Question: how does one enumerate all star-convex $2n$-vertex sublattices of the plane that have the unique domino-tiling property?
Definitions:
A subset $S$ of the $xy$-plane is star-convex if there is a point $s$ in $S$ such that the line segment [st] is contained in $S$ for every $t$ in $S$. For example the Young diagram of a partition is star convex with s taken as the origin.
A sublattice $G$ of the plane is a bipartite graph whose vertices are some points in the plane with integer coordinates. Two vertices in $G$ whose $x$-coordinates differ by $1$ or whose $y$-coordinates differ by $1$ are joined by an edge.

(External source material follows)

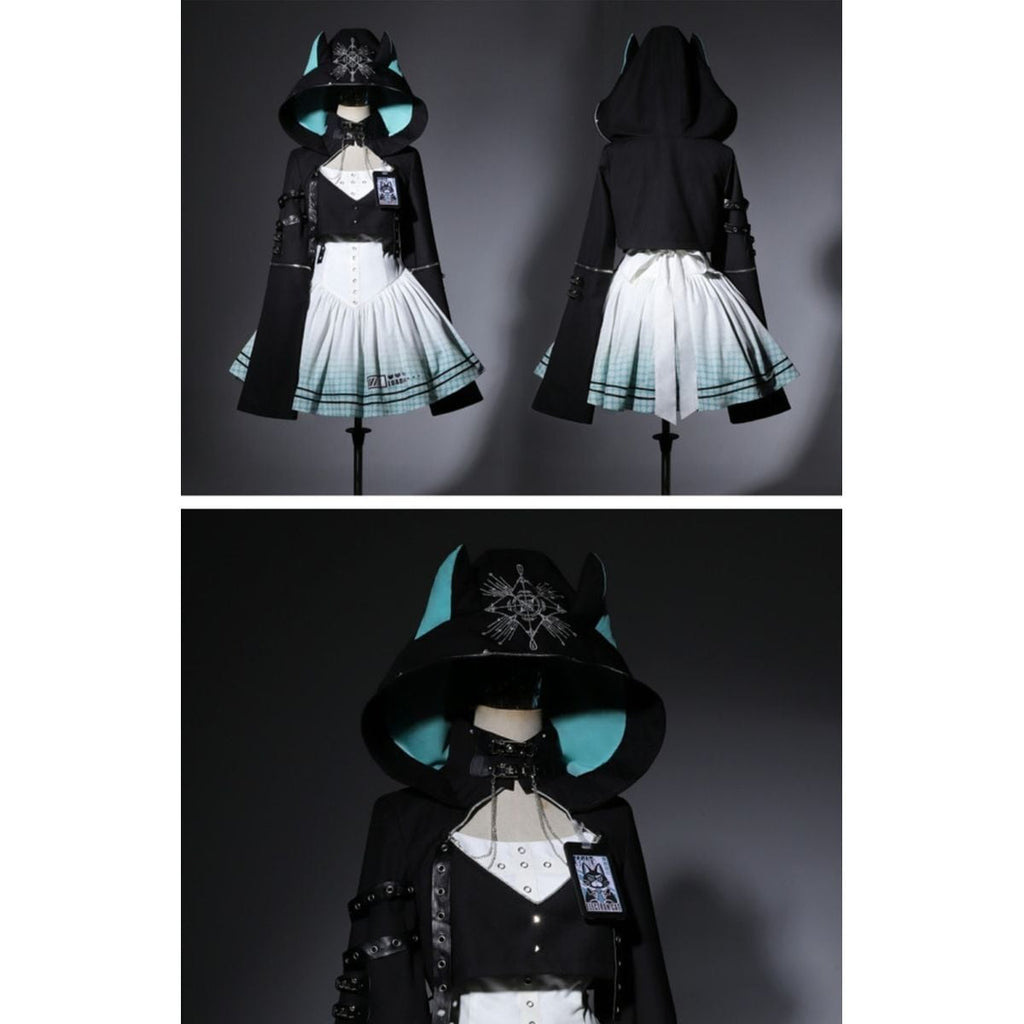 Cyberpunk Cat Ear Skirt Set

A tiling of a graph by dominos (dimer covering or perfect matching) is a collection of edges such that every vertex belongs to exactly one edge in the tiling.
Motivating example:
For $n\geq1$ there is a bijection between the Young diagrams of $2n$ which have a unique tiling by dominos and two copies of the set of partitions of $n$.
We see this as follows:
Represent the partition of $2n$ using beads on a $2$-runner abacus (as explained in James & Kerber's book The Representation Theory of the Symmetric Group). Moving a bead on a runner into a space immediately above it on the abacus correspond to the removal of a domino ($2$ adjacent boxes) from the diagram.
The Young diagram has a tiling by dominos if and only if there are an equal number of beads on each runner (the partition has an empty $2$-core). The tiling is unique if one runner is the bead sequence of a partition of $n$ and the other runner represents the empty partition.
Specific examples:
For $2n=2,4,6$ only the hook partitions $[k,1^{2n-k}]$ have a unique tiling by dominos. In addition to the $8$ hook partitions of $2n=8$, the partitions $[4,3,1]$ and $[3,2^2,1]$ have unique tilings. These correspond to the partition $[2^2]$ of $n=4$.